Each virtualized server is given an allocation of resources by a hypervisor, or virtual machine monitor (VMM). The virtual machine, therefore, believes it has all the resources, even though it really doesn’t. The hypervisor allocates the host server’s resources to each individual virtual machine.
The hypervisor can allocate storage, RAM, and other resources to each machine.
Consolidating Services Through the Cloud and SaaS
Using cloud and SaaS tools is also an important part of your server consolidation plan. SmartFile’s cloud file sharing and storage and developer products offer unique ways to push tasks and storage out of your office.
These tools let you move storage and processing power off your grid.

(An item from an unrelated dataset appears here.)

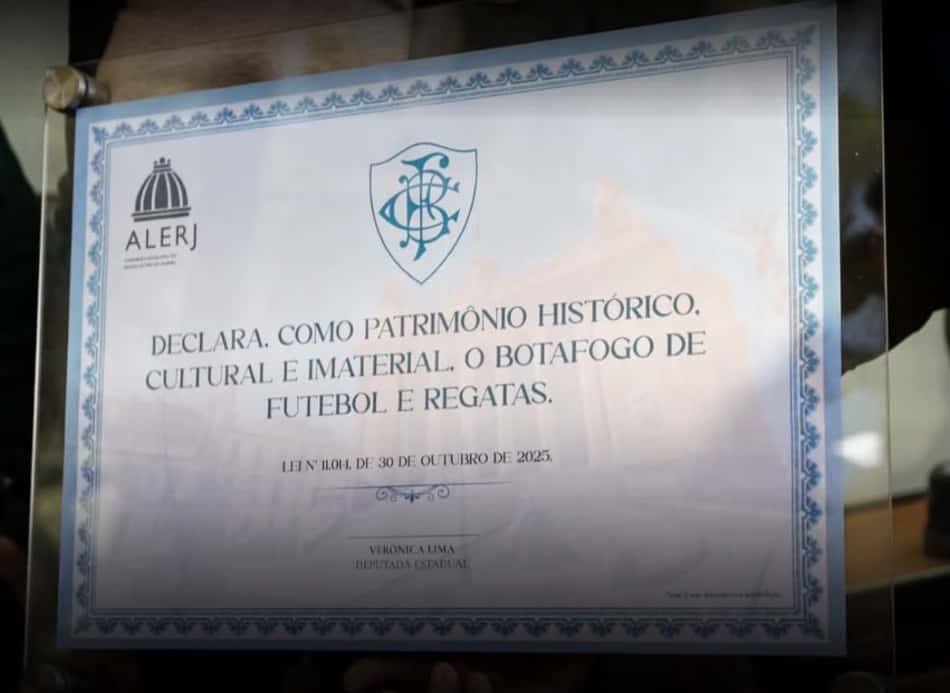 Diploma do Botafogo de patrimônio histórico, cultural e imaterial do Estado do Rio de Janeiro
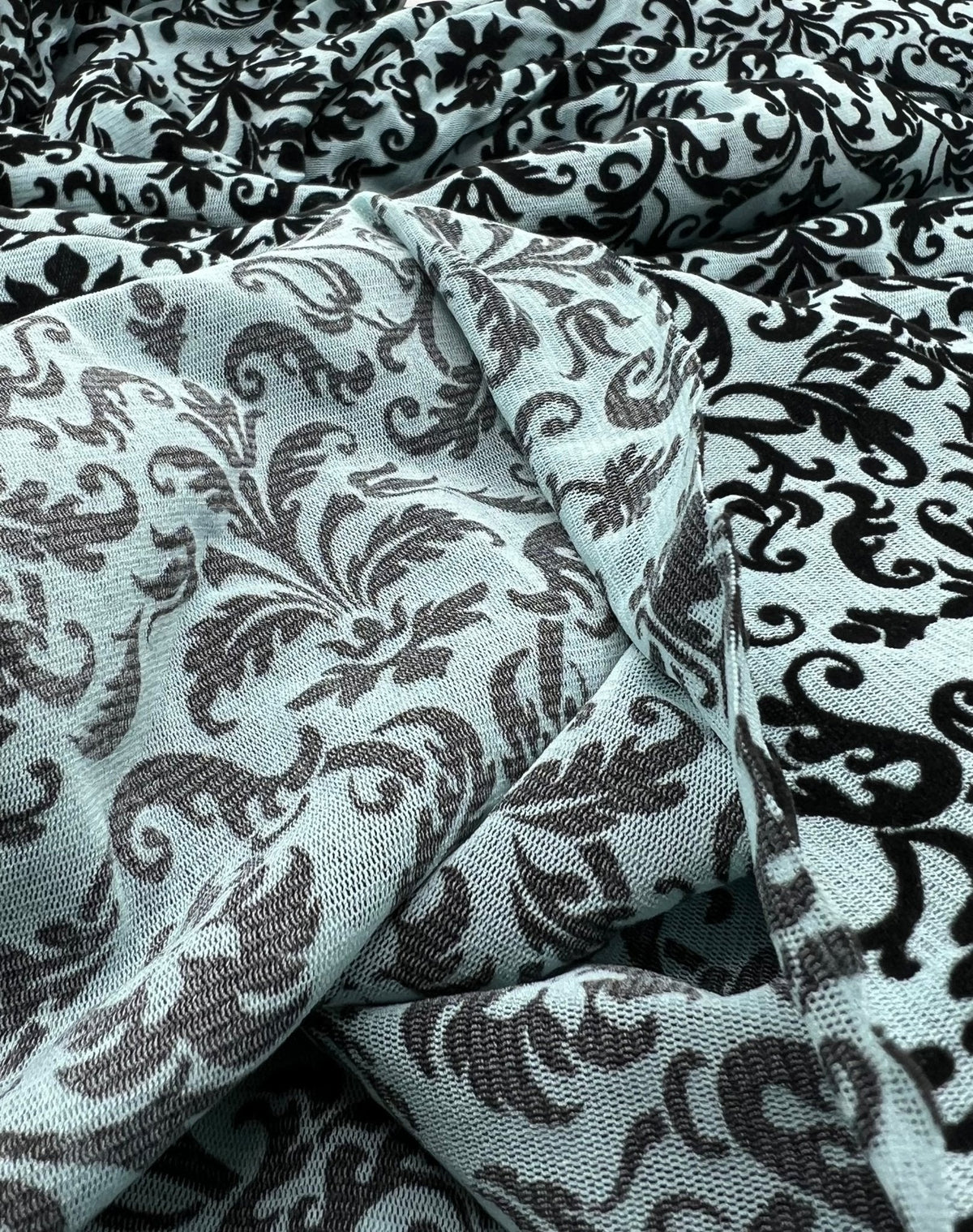 Light Blue Embossed Flocked Mesh Fabric 2 Way Stretch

Even if you’re not openly using cloud products for file sharing, it pushes processing power off your network, letting you save those resources for more important tasks that you can use a virtualized or dedicated server for. There are also savings with regards to operational costs of upkeep and electricity by moving these items off your infrastructure.
Sam Baskar said you can use products like SmartFile. It’s a “cloud vendor from whom you can subscribe compute and storage power and use them as if they are utility company.”
Gary Feldman also had some thoughts on transitioning this way:
The second step is transitioning to the cloud; which is becoming extremely prominent with the recent one-two punch of public cloud virtual server hosting options and availability of affordable software as a service platforms (SaaS) for specific business application hosting (e.g. Quickbooks Online, Salesforce, Office 365). With SaaS, operating system maintenance is completely eliminated while still being able to provide business capable applications that are now backed by guaranteed Service Level Agreements, promoting guaranteed uptime and performance standards, and always ready to meet your needs. — Gary Feldman
Going Forward: Concerns and Solutions for Server Consolidation
Server consolidation is getting more advanced and complex. You can use it to make more efficient use of processing power and storage.
However, there are some hiccups. Some companies have struggled with regard to connecting multiple servers to a single storage resource. To get past this, they can use an on-premise software-defined storage (SDS) file management solution like SmartFile’s FileHub™.
This sits on top of a host server and can accept connections from others. It can then handle all the storage connections (including this one massive storage unit).
Tools like FileHub™ help server consolidation projects by decreasing the complexity from a storage perspective. There are several other benefits as well (file sharing, data monitoring, user access and permissions, compliance and more) but it is definitely aiding companies with their server consolidation and infrastructure projects.